KCK kararından sonra gerek hükümetin demokrasi paketi konusunda yapmış olduğu toplantılar gerekse BDP heyetinin İmralıda Öcalan ile yapmış olduğu görüşme neticesinde kamuoyuna sunulan bilgilerden siyaset mekanizmasının işin ciddiyetini kavradığını anlıyoruz ve bir nebze rahatlıyoruz ancak yine de endişeler bitmiş değil.
Gözler ve kulaklar geçen hafta yapılması beklenen demokrasi paketi içeriğinin açıklanması çalışmasındaydı. Konu gerekçelendirilerek bu hafta Salı gününe ertelendi. Olabilirlikleri ve olasılıkları hesaplayarak Salı günü başbakan tarafından yapılması ihtimal dahilinde olan açıklamalara kilitlendik. Toplantı yapıldı ve paketin son şekline karar verildi açıklaması yapıldı hükümet kanadından ancak ne hikmetse düzeltme çalışmaları gerekçe gösterilerek açıklama ileri bir tarihe ertelendi.
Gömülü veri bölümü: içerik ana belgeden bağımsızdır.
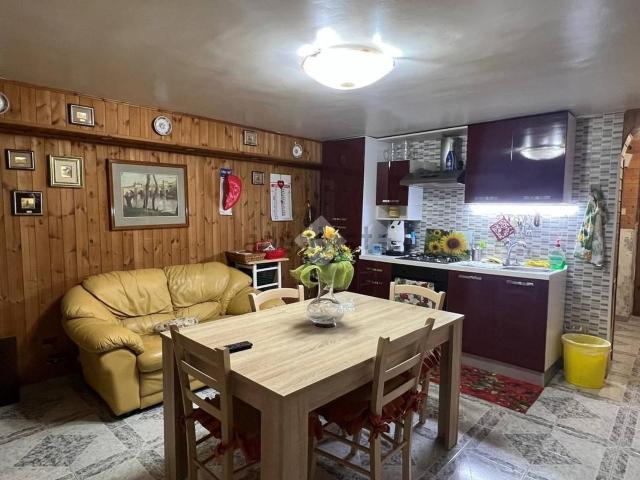 Appartamento in vendita di 57 m² in Via Guglielmo Albimonte, 21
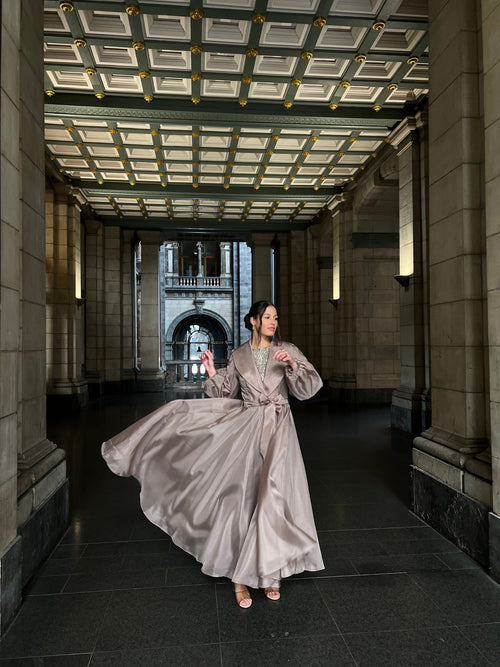 The Roza dress taupe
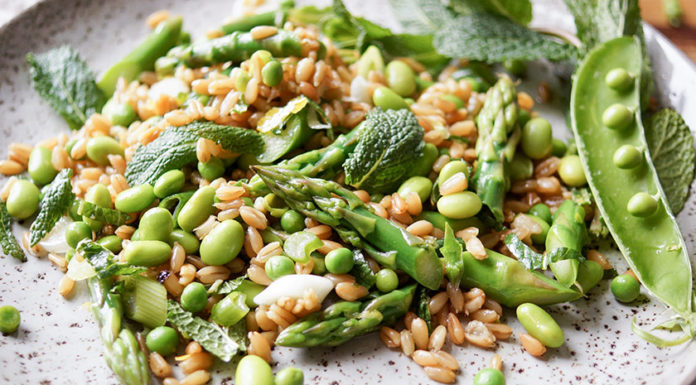 Grünkernsalat mit Spargel, Erbsen und Edamame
Haber kanallarından yapılan duyurular ve açıklamalardan anlaşıldığı kadarı ile başbakan uygun bir zamanda paketin içeriğini kamuoyuna açıklayacakmış! Eğer işin içinde başka bir mesele yoksa bu uygun zamanın çok yakın olmasında büyük bir fayda bulunmaktadır. Çünkü Sayın Başbakanın uygun zamanı gerçek zamanın uygun zamanına denk gelmeyebilir. Büyük bir beklenti haline gelen yeni paketin neler içerdiğini artık kamuoyu öğrenmek ve buna göre hareket etmek istiyor.
Malum önümüzdeki süreçte seçimleri gidiyoruz. Paketin seçimleri ilgilendiren bir içeriğe sahip olup olmayacağından tutun da asıl meseleye ne kadar yakın olduğuna kadar bir sürü beklentiye cevap verip vermediğine bakmak gerekiyor. Kısacası siyasiler tekrar seçilme ve koltuk derdine düşmeden bizim ülke derdine çare olmalarını bekliyoruz. Çünkü bizim için ülkenin sorunları seçilenlerin pozisyonlarından daha öncelikli bir konu. Kimin hangi koltukta oturacağı açıkçası o kadar da ilgi alanımızı kaplamıyor ancak huzursuzluk ve çatışma birebir bizi etkileyen bir durum ve biz böylesi bir süreci yaşamak istemiyoruz. Sadece seçim dönemlerinde değil bütün dönemlerde huzurlu bir ortam arzuluyoruz.
Artık herkesin bölgemizin durumunu görmesi gerekiyor. Bitti denilen Rusya’nın bitmediğini çok iyi görüyoruz. İran’ın bölgenin etkili güçleri arasında olduğunu ve ortalığı boş bırakmadığını da görüyoruz. Bir uçağa karşı bir helikopter düşürmeyi angajman kuralları içerisinde başarı gören durumun vahametini de görüyoruz. Ve bütün bu durumların en ufak bir kıvılcımın bizi nasıl bir yangınla karşı karşıya bırakabileceğini her halde herkes bizim kadar görebiliyordur.
Sayın başbakan “silahlar susacak siyaset konuşacak” dedi geçen hafta biz de şimdi siyasetin konuşmasını ve aldığı kararların ne olduğunu açıklamasını bekliyoruz. Bu ülke demokratikleşecekse demokrasiyi sadece sandığa gitmekte değil yaşamda gösterecek kararların alınması gerekiyor.
Herkesin eşit
Herkesin yurttaş
Herkesin sahip
Herkesin ortak olduğu bir ülkede demokrasiyi geliştirmeliyiz.
Bunun için de uygun zaman beklemeye gerek yok hemen şimdi demokratikleşmeliyiz.